The Slatest

SCOTUS Invalidates Law Letting American Passports Identify Jerusalem as Part of Israel

Is Jerusalem part of Israel? Ask the president, not Congress!

Photo by MARCO LONGARI/AFP/Getty Images

On Monday, the Supreme Court struck down a law that permitted Jerusalem-born Americans to list their birthplace as Israel on their passports. Since the founding of Israel in 1948, the United States has remained officially neutral as to the status of Jerusalem—a policy Presidents George W. Bush and Barack Obama have maintained. With its passport law, Congress hoped to override the executive and thrust America into the international debate over the triply holy city.
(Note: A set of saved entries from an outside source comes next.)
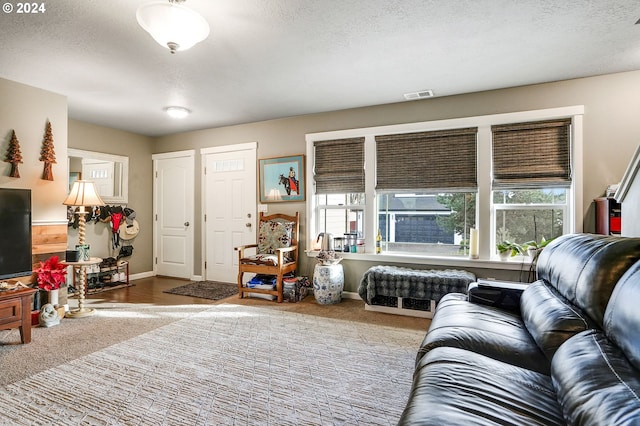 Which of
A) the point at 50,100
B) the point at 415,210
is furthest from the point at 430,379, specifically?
the point at 50,100

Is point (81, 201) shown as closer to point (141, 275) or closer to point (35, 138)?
point (35, 138)

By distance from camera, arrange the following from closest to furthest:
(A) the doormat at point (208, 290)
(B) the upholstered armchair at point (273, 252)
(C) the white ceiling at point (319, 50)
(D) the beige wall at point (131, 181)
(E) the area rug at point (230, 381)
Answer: (E) the area rug at point (230, 381), (C) the white ceiling at point (319, 50), (B) the upholstered armchair at point (273, 252), (A) the doormat at point (208, 290), (D) the beige wall at point (131, 181)

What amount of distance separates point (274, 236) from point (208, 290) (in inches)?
49.9

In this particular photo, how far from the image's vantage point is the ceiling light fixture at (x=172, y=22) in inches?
77.9

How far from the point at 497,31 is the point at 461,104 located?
139cm

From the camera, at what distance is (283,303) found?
4.15 m

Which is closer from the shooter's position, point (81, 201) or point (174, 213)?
point (81, 201)

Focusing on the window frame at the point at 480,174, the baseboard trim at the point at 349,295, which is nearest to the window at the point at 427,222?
the window frame at the point at 480,174

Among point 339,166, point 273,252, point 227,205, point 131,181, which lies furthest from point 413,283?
point 131,181

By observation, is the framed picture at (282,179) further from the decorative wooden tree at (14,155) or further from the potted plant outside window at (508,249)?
the decorative wooden tree at (14,155)

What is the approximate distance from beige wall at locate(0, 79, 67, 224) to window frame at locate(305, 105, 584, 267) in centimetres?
294

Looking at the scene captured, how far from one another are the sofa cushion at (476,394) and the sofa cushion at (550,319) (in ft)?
0.59

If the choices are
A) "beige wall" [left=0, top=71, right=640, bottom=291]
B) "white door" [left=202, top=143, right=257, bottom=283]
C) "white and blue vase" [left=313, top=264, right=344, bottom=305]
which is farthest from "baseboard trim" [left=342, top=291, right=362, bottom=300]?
"white door" [left=202, top=143, right=257, bottom=283]

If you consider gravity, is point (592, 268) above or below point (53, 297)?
above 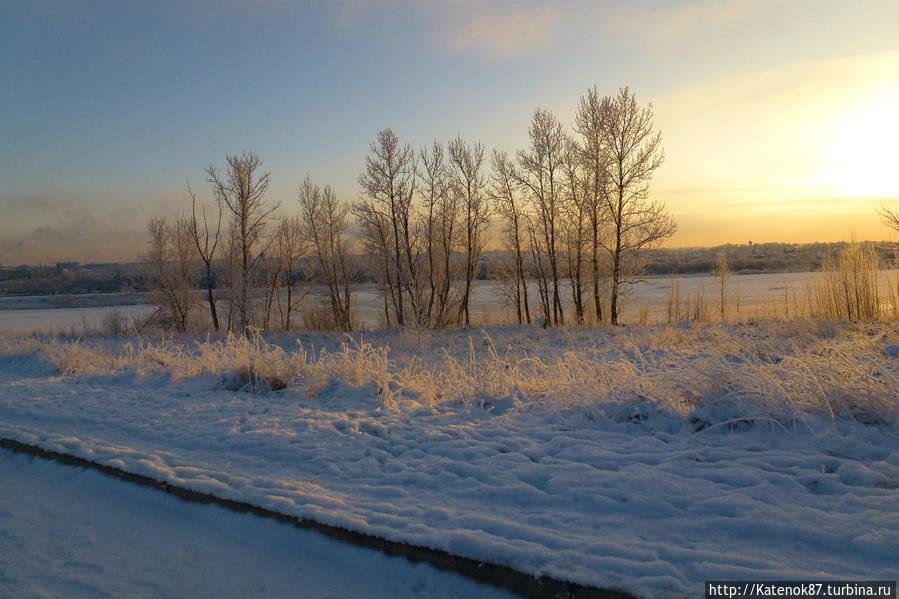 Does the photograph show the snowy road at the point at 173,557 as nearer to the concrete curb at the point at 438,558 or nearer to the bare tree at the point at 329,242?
the concrete curb at the point at 438,558

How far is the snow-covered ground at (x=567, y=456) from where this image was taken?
10.4 ft

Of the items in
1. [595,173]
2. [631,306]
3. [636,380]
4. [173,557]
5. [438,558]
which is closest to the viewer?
[438,558]

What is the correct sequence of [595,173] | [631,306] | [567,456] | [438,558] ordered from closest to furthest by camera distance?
[438,558] < [567,456] < [595,173] < [631,306]

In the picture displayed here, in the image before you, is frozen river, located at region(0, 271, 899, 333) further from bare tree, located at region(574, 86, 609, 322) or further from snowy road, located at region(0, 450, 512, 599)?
snowy road, located at region(0, 450, 512, 599)

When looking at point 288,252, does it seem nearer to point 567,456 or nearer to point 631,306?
point 631,306

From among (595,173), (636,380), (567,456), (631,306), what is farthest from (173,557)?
(631,306)

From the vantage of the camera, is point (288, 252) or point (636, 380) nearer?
point (636, 380)

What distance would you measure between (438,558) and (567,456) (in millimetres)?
1983

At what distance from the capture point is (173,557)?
361 cm

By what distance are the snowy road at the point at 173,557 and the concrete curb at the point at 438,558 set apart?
5 cm

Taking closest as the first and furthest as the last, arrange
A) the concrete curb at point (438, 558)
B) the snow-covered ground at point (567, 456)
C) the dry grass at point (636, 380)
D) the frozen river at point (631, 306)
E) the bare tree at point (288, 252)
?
the concrete curb at point (438, 558) < the snow-covered ground at point (567, 456) < the dry grass at point (636, 380) < the frozen river at point (631, 306) < the bare tree at point (288, 252)

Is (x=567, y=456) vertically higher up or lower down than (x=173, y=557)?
higher up

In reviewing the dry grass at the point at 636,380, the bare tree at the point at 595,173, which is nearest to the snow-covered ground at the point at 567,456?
the dry grass at the point at 636,380

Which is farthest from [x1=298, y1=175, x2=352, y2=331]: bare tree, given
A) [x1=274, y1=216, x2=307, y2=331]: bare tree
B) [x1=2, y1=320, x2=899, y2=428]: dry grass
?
[x1=2, y1=320, x2=899, y2=428]: dry grass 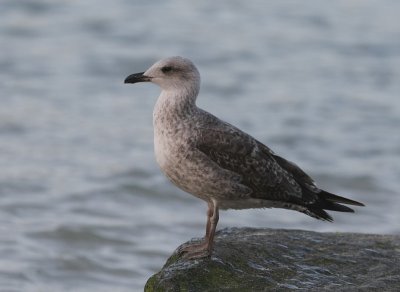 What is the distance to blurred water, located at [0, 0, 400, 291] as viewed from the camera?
35.8 feet

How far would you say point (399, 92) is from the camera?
50.7 feet

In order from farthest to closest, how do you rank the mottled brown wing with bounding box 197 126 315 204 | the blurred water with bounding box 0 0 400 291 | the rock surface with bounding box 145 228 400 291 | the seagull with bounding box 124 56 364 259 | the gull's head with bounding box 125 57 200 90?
1. the blurred water with bounding box 0 0 400 291
2. the gull's head with bounding box 125 57 200 90
3. the mottled brown wing with bounding box 197 126 315 204
4. the seagull with bounding box 124 56 364 259
5. the rock surface with bounding box 145 228 400 291

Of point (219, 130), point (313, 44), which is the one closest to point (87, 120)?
point (313, 44)

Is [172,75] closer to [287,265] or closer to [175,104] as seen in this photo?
[175,104]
The majority opinion, authored by Justice Anthony Kennedy, rests on a fairly straightforward reading of the Constitution. The Reception Clause gives the president the authority to acknowledge a nation’s sovereignty, in effect granting him the power to officially recognize other countries. Moreover, Article II charges the president with negotiating treaties, nominating ambassadors, and dispatching diplomatic agents. Taken together, these powers suggest that the president has the ultimate authority to decide whether or not the United States will recognize Jerusalem as part of Israel.
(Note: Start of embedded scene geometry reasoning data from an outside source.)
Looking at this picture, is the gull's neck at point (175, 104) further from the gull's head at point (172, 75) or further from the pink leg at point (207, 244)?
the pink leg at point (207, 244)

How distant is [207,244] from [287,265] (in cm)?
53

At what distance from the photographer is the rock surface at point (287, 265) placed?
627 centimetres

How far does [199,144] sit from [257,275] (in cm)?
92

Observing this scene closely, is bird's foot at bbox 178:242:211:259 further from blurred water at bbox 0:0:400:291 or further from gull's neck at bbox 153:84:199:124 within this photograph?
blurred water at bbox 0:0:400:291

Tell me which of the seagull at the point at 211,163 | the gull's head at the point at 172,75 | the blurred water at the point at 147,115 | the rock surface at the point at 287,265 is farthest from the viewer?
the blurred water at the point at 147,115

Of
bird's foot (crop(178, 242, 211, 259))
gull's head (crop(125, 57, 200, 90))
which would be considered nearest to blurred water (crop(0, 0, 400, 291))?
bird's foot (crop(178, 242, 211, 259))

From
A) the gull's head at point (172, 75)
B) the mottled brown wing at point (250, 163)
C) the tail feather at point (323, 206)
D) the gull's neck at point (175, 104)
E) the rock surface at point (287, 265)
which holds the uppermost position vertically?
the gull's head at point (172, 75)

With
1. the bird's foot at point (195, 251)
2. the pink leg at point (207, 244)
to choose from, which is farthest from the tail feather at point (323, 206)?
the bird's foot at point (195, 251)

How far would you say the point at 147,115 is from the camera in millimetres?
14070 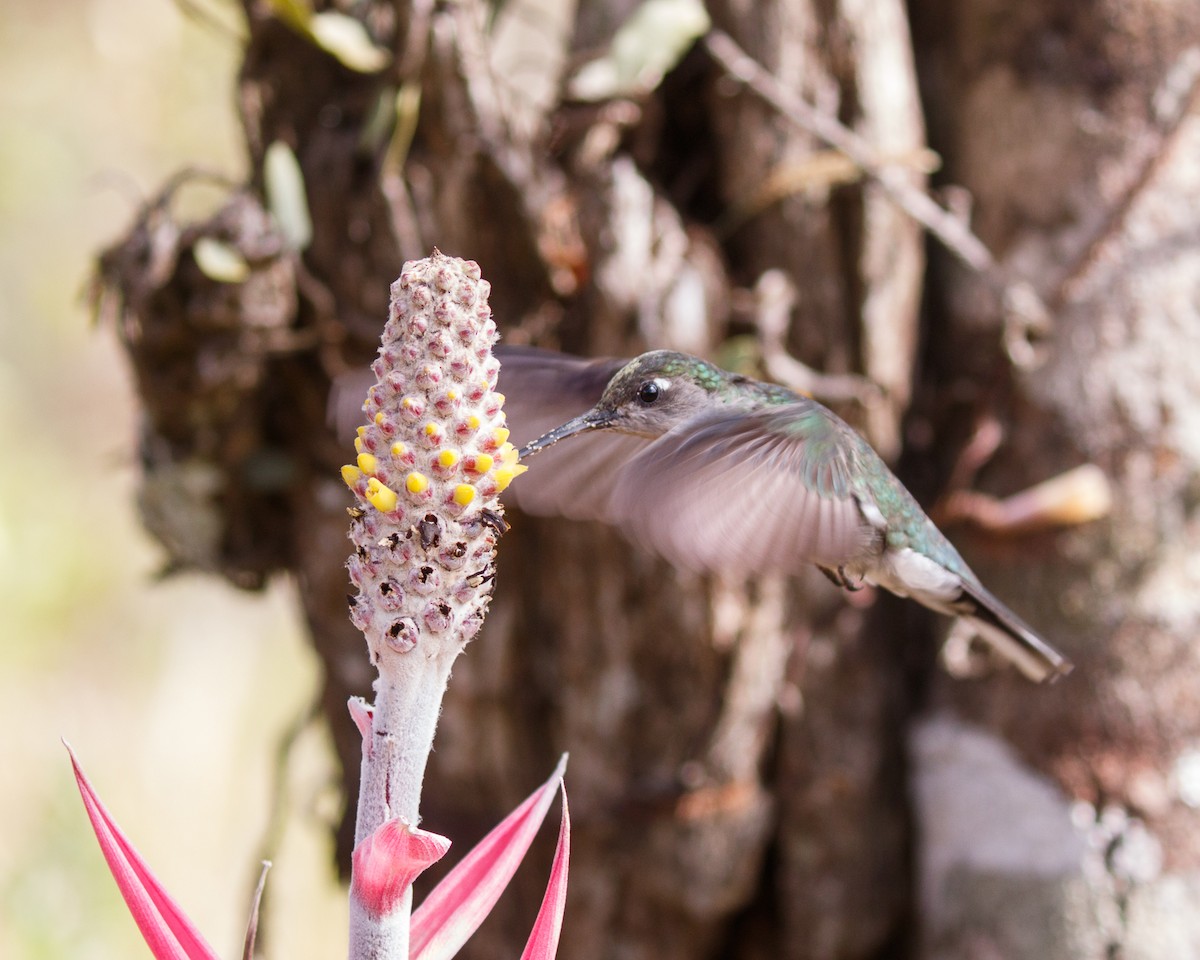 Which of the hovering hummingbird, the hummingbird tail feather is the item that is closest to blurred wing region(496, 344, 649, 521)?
the hovering hummingbird

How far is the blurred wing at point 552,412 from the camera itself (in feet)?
3.05

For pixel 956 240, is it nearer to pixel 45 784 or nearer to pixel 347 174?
pixel 347 174

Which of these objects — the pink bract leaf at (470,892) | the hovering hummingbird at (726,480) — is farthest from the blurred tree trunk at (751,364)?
the pink bract leaf at (470,892)

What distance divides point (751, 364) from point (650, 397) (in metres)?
0.53

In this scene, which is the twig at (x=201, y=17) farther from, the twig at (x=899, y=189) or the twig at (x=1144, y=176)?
the twig at (x=1144, y=176)

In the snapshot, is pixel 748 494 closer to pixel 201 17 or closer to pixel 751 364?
pixel 751 364

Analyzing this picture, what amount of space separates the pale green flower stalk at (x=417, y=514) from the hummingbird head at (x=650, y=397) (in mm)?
307

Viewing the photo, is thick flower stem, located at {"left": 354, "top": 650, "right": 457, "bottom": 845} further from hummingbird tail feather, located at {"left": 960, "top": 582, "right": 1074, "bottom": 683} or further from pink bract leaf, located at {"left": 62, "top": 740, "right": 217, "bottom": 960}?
hummingbird tail feather, located at {"left": 960, "top": 582, "right": 1074, "bottom": 683}

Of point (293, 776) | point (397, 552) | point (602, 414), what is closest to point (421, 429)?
point (397, 552)

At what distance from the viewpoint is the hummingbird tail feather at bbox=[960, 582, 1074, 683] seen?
1.02 m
Chief Justice John Roberts wrote a short dissent, but it’s really only an appetizer for Justice Antonin Scalia’s main course: A blistering display of dissenting bravura, arguing that the law is a perfectly valid exercise of congressional power. Scalia pulls out all his best tricks to argue that Congress can essentially overrule the president on foreign policy—at one point, he even congratulates himself for his “analytic crescendo.” According to Scalia, the Constitution envisions Congress playing a significant role in foreign affairs. And, to Scalia, the passport law doesn’t even concern recognition of Israel’s sovereignty over Jerusalem. Instead, it “calls for nothing beyond a ‘geographic description.’”
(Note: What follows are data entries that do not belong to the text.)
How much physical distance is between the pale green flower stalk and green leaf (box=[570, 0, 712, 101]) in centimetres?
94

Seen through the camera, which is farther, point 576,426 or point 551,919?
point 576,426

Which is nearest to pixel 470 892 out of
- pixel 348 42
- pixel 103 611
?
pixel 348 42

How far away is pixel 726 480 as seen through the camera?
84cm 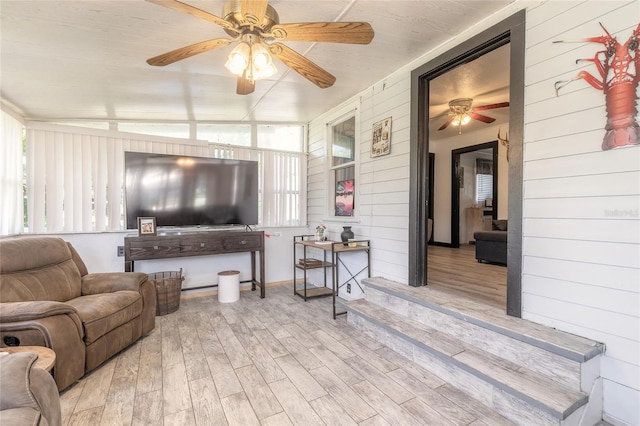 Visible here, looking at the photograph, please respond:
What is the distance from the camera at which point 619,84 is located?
154cm

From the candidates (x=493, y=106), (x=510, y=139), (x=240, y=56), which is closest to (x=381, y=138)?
(x=510, y=139)

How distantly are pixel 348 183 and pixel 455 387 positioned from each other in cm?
262

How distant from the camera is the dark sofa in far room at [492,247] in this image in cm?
421

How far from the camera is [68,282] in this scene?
8.04ft

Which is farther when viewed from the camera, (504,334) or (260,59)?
(504,334)

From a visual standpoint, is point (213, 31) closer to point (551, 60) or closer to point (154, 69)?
point (154, 69)

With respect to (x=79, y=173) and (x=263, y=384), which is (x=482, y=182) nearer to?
(x=263, y=384)

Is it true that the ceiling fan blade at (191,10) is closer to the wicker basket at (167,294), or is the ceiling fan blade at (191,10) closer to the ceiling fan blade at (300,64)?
the ceiling fan blade at (300,64)

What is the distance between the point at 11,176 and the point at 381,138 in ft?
13.0

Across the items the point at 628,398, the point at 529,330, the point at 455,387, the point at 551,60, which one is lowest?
the point at 455,387

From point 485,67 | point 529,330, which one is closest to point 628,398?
point 529,330

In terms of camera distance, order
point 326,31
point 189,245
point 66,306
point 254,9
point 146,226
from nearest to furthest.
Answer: point 254,9 → point 326,31 → point 66,306 → point 146,226 → point 189,245

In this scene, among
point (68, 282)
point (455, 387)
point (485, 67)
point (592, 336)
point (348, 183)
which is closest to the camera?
point (592, 336)

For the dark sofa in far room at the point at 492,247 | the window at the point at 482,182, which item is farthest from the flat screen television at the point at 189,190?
the window at the point at 482,182
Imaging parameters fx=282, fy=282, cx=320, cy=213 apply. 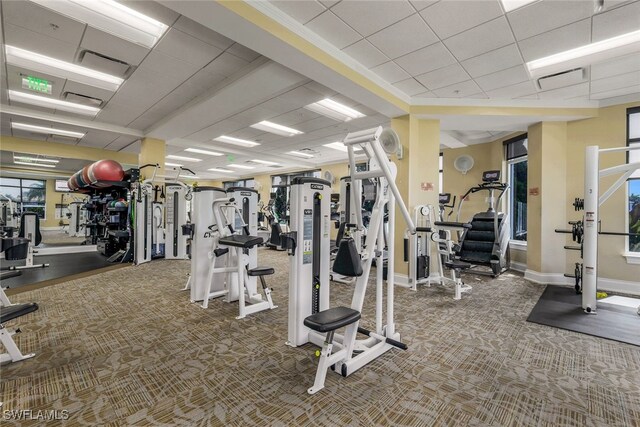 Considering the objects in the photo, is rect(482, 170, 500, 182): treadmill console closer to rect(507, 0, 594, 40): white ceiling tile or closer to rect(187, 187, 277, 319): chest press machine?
rect(507, 0, 594, 40): white ceiling tile

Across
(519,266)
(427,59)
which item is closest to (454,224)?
(427,59)

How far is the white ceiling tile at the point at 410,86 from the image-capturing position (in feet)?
14.9

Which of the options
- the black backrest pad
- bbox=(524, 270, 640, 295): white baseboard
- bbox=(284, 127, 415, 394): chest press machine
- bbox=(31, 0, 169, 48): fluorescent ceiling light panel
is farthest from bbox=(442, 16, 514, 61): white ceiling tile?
bbox=(524, 270, 640, 295): white baseboard

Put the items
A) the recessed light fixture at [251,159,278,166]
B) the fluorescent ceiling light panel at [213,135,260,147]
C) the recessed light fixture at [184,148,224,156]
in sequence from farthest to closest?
the recessed light fixture at [251,159,278,166], the recessed light fixture at [184,148,224,156], the fluorescent ceiling light panel at [213,135,260,147]

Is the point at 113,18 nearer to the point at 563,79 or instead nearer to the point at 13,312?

Justice Samuel Alito joined both dissents. The four liberals joined Kennedy’s opinion in full. Justice Clarence Thomas—a huge supporter of executive power—concurred in part of the judgment, holding that Congress can call Jerusalem part of Israel on consular reports of birth abroad, but not on passports. That makes the vote count 6-to-3 on the passport issue—a victory for the president’s ability to speak for the nation when recognizing the legitimacy of foreign power.